[[ EXCERPTED RECORDS, beginning ]]

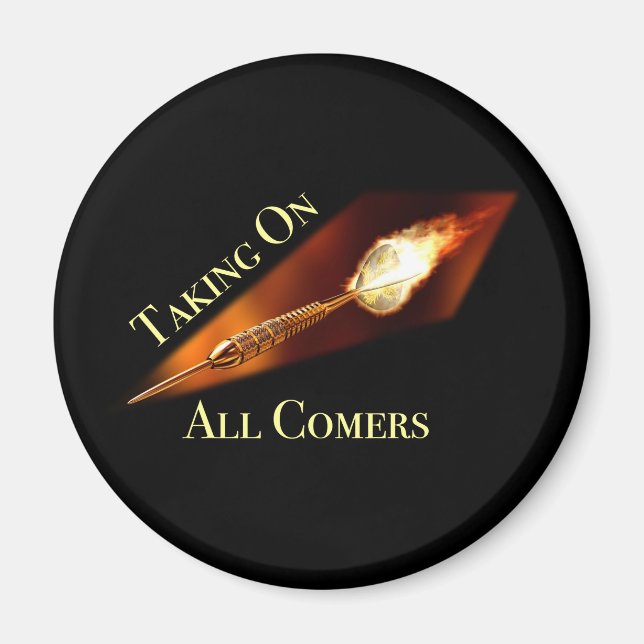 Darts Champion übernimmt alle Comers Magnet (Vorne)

[[ EXCERPTED RECORDS, end ]]
[[ EXCERPTED RECORDS, beginning ]]

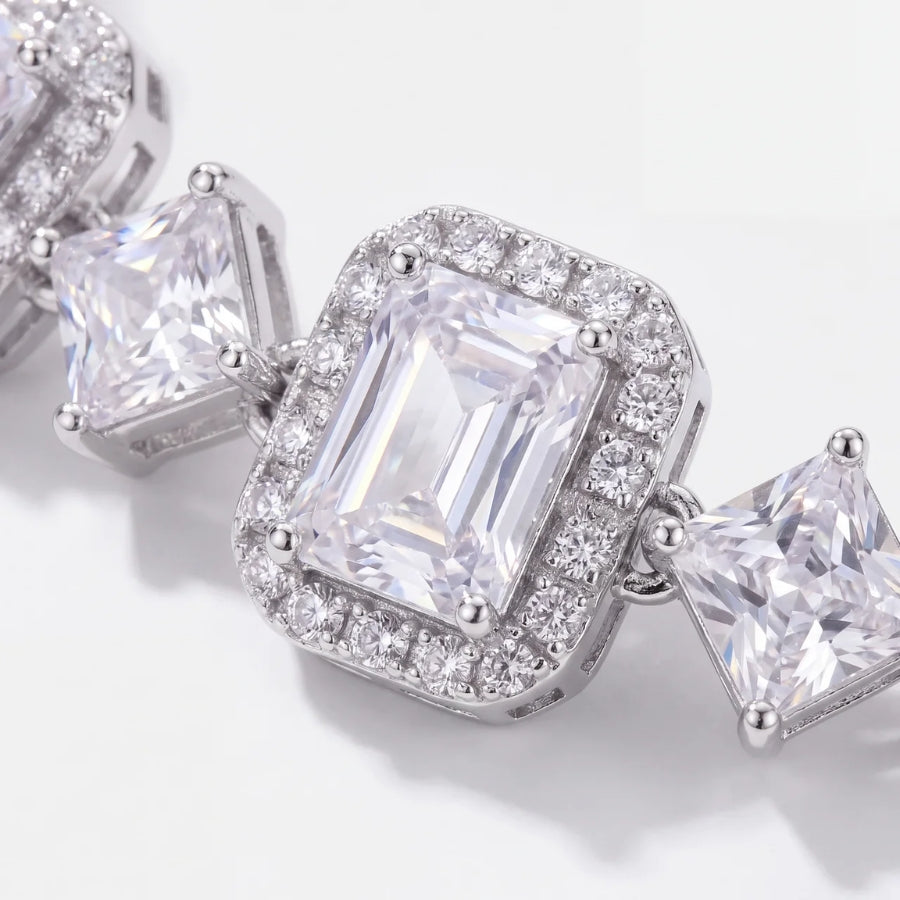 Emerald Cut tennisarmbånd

[[ EXCERPTED RECORDS, end ]]
[[ EXCERPTED RECORDS, beginning ]]

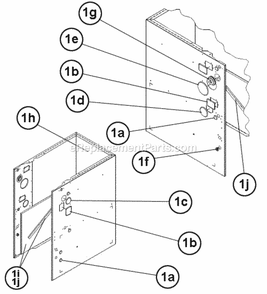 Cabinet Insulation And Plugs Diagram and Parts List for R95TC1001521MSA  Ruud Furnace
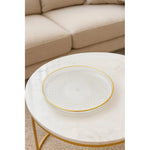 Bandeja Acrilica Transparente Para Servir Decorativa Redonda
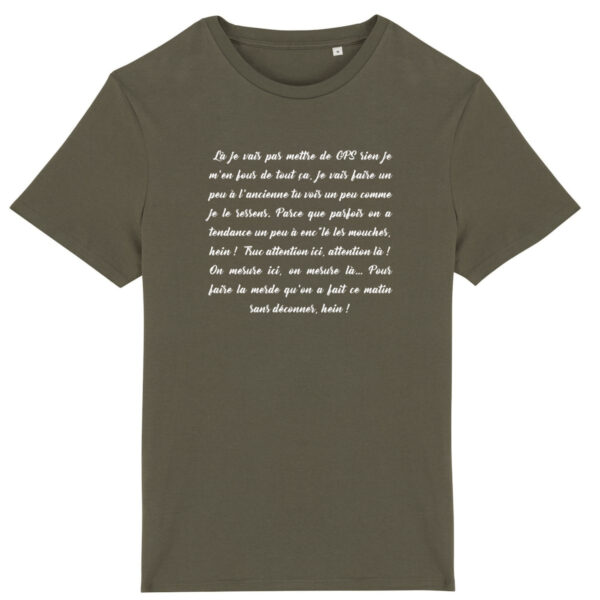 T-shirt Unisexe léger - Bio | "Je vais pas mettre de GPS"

[[ EXCERPTED RECORDS, end ]]

Start at the line above containing "Bandeja Acrilica Transparente" and stop at the line containing "T-shirt Unisexe léger": print those lines and everything between them exactly, but not the pictures.

• _ANSWER TO THIS TASK_:
 Bandeja Acrilica Transparente Para Servir Decorativa Redonda
 T-shirt Unisexe léger - Bio | "Je vais pas mettre de GPS"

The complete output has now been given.